Project Overview
The Gaze Detection project addresses a common problem in multi-monitor video conferencing: when participants look at different screens, others see the side of their face, creating an impression of disinterest and reducing call immersion.
This system automatically switches between multiple webcams based on which monitor the user is looking at, using gaze detection and machine learning to maintain natural eye contact during video calls.
Project Demo
Watch the gaze detection system automatically switch between webcams based on which monitor the user is looking at.
The Problem
In multi-monitor setups, webcams are typically attached to just one screen.
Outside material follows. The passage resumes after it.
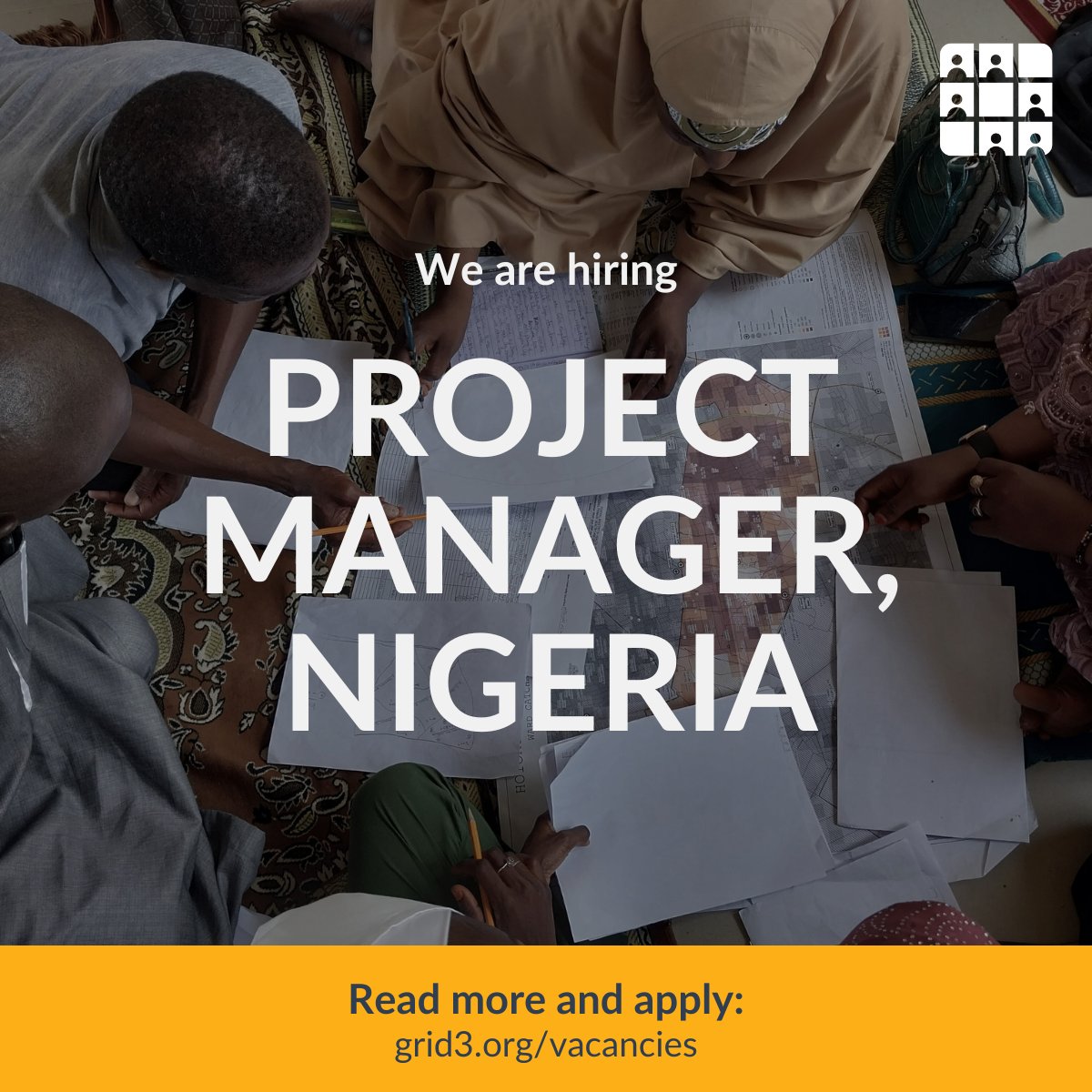 Job alert! GRID3 is hiring a Project Manager for #Nigeria. This team member will drive our programming in the country and foster strong relationships with key stakeholders. Click here to learn more:
bit.ly/3PUZKRQ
When users look at different monitors during video calls, their gaze appears directed away from other participants, creating several issues:
- Reduced Engagement: Participants appear disinterested or distracted
- Poor Communication: Lack of eye contact affects meeting dynamics
- Unprofessional Appearance: Side-profile views look unprofessional
- Limited Functionality: Users can't effectively use multiple screens during calls
The Solution
By placing webcams on multiple monitors and using gaze detection algorithms, the system intelligently switches to the camera that best captures direct eye contact, regardless of which screen the user is actively viewing.
Technical Implementation
The system leverages computer vision and machine learning to track eye movements and determine gaze direction in real-time, then routes the appropriate camera feed through a virtual camera device.
Core Technology Stack
- Gaze Tracking Module: Pre-existing Python library for eye movement detection
- Computer Vision: OpenCV for camera feed processing and analysis
- Virtual Camera: Software camera device for video conferencing integration
- Real-time Processing: Low-latency frame analysis and switching logic
Algorithm Architecture
The system processes multiple camera feeds simultaneously:
- Frame Capture: Continuous capture from all connected webcams
- Gaze Analysis: Real-time eye tracking and direction estimation
- Confidence Scoring: Probability calculation for each potential camera
- Smart Switching: Intelligent camera selection with anti-flicker measures
- Virtual Output: Seamless feed routing to video conferencing apps
Reliability Improvements
Several optimization techniques ensure stable performance:
- Switching Timeout: Prevents rapid camera flickering
- Moving Averages: Smooths gaze readings over time periods
- Confidence Thresholds: Only switches when detection confidence is high
- Fallback Logic: Graceful handling of detection failures
Development Process
The project required extensive experimentation to balance detection accuracy with system stability, particularly in varying lighting conditions and user movements.
Hardware Setup
Using multiple webcams positioned on different monitors, the system required careful calibration to account for:
- Camera Positioning: Optimal placement for gaze detection accuracy
- Lighting Variations: Consistent performance across different lighting conditions
- Monitor Angles: Accommodating various screen orientations and distances
- User Movement: Handling natural head and body movements during calls
Software Challenges
Key technical challenges included:
- Real-time Performance: Maintaining low latency for natural interactions
- Detection Accuracy: Minimizing false positives in gaze detection
- System Integration: Seamless compatibility with video conferencing platforms
- Resource Management: Efficient processing of multiple video streams
Ongoing Improvements
The project continues to evolve with ongoing research into:
- Machine Learning Enhancement: Training custom models for improved accuracy
- Adaptive Algorithms: Self-tuning parameters based on user behavior
- Cross-platform Support: Compatibility with various operating systems
- Performance Optimization: Reduced computational overhead
Impact & Applications
This project demonstrates practical applications of computer vision in solving everyday workflow problems, particularly relevant in the era of remote work.
Use Cases
- Remote Work: Enhanced video conferencing for multi-monitor professionals
- Content Creation: Streamers and content creators with complex setups
- Education: Teachers managing multiple screens during online classes
- Presentations: Speakers who need to reference multiple displays
Learning Outcomes
The project provided valuable experience in:
- Computer Vision: Practical application of eye tracking and gaze detection
- Real-time Systems: Building responsive, low-latency applications
- Hardware Integration: Managing multiple camera inputs simultaneously
- User Experience: Designing systems that feel natural and intuitive
- Problem Solving: Addressing complex technical and usability challenges
Future Potential
The concepts explored in this project have broader applications in accessibility technology, gaming interfaces, and human-computer interaction research.